# Captioned web images
━━━━━━

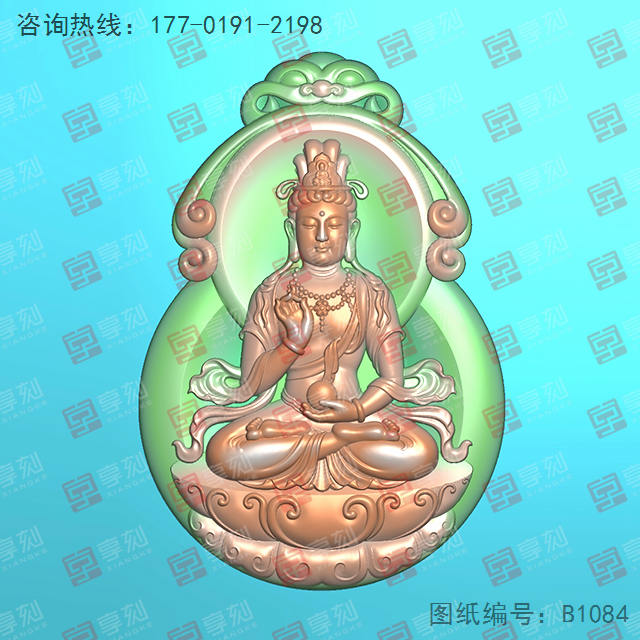 觀音牌玉雕電腦精雕機圖紙_五軸雕刻機廠家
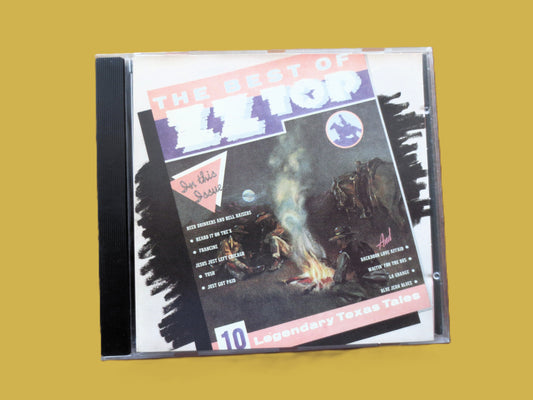 ZZ Top Greatest Hits CD, 1985 Compact Disc, Legendary Texas Tales
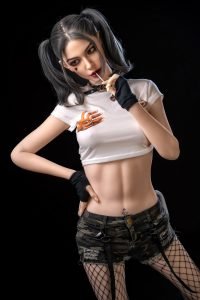 Lela - Bambola per adulti con testa in silicone da 173 cm, mascella snodata, cosplay (6 misure) - immagine 16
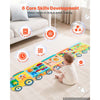 VEVOR Felt Wall Busy Board, 14-in-1 Train Foldable Montessori Activity Toys, Travel Daycare, Classroom, Playroom, Home, Educational Sensory Panel, with Letters Fruits Vegetables Clock Learning Pieces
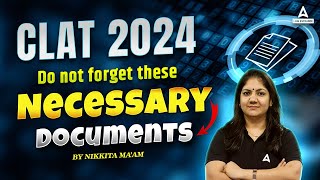 CLAT 2024  Necessary Documents To Carry In Exam Hall [upl. by Gibert28]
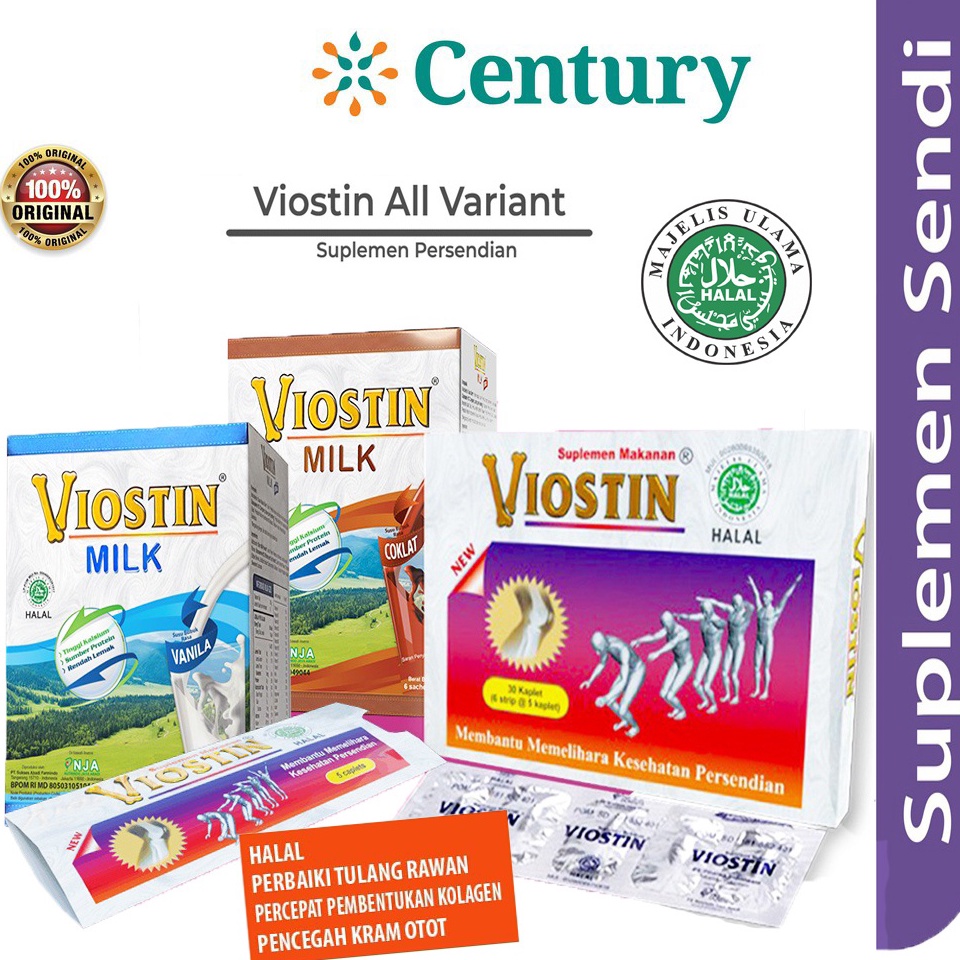 

Pilih Ini Viostin All VariantSusu Vanila CoklatKaplet Strip isi 5 3 Kaplet Box SendiTulang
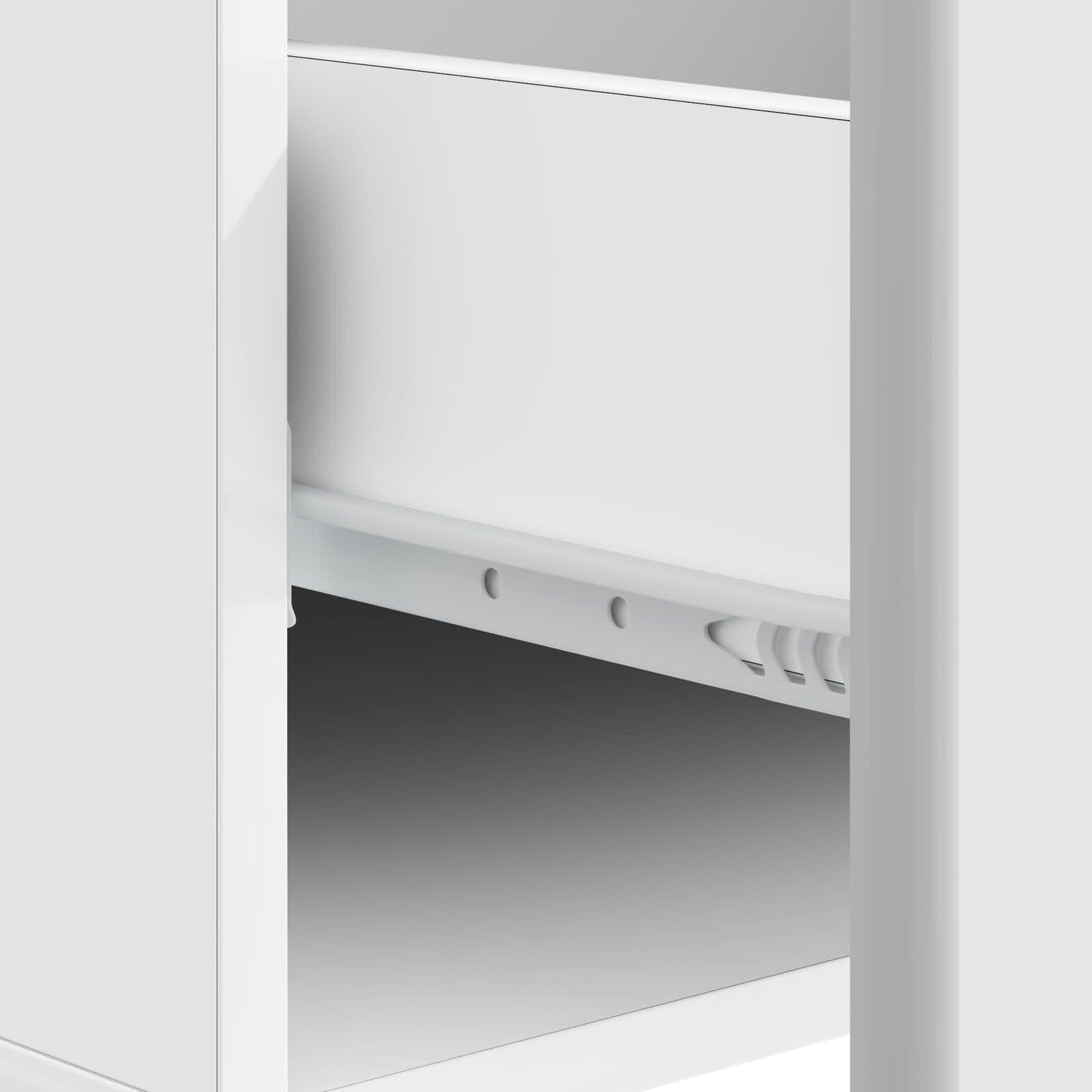 Tavolino da salotto con cassetto Bianco Lucido 49 x 50 x 40 cm | homemem39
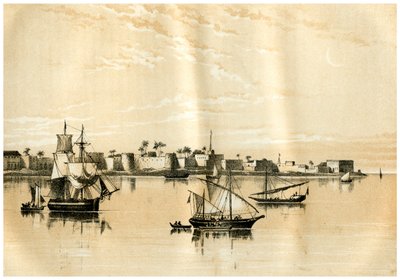 Zanzibar from the Sea, 1883 by Unbekannt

━━━━━━

An exact copy of all the records, free of pictures, is the expected answer.

# EXERCISE OUTPUT
 觀音牌玉雕電腦精雕機圖紙_五軸雕刻機廠家
 ZZ Top Greatest Hits CD, 1985 Compact Disc, Legendary Texas Tales
 Lela - Bambola per adulti con testa in silicone da 173 cm, mascella snodata, cosplay (6 misure) - immagine 16
 VEVOR Felt Wall Busy Board, 14-in-1 Train Foldable Montessori Activity Toys, Travel Daycare, Classroom, Playroom, Home, Educational Sensory Panel, with Letters Fruits Vegetables Clock Learning Pieces
 CLAT 2024  Necessary Documents To Carry In Exam Hall [upl. by Gibert28]

Pilih Ini Viostin All VariantSusu Vanila CoklatKaplet Strip isi 5 3 Kaplet Box SendiTulang
 Tavolino da salotto con cassetto Bianco Lucido 49 x 50 x 40 cm | homemem39
 Zanzibar from the Sea, 1883 by Unbekannt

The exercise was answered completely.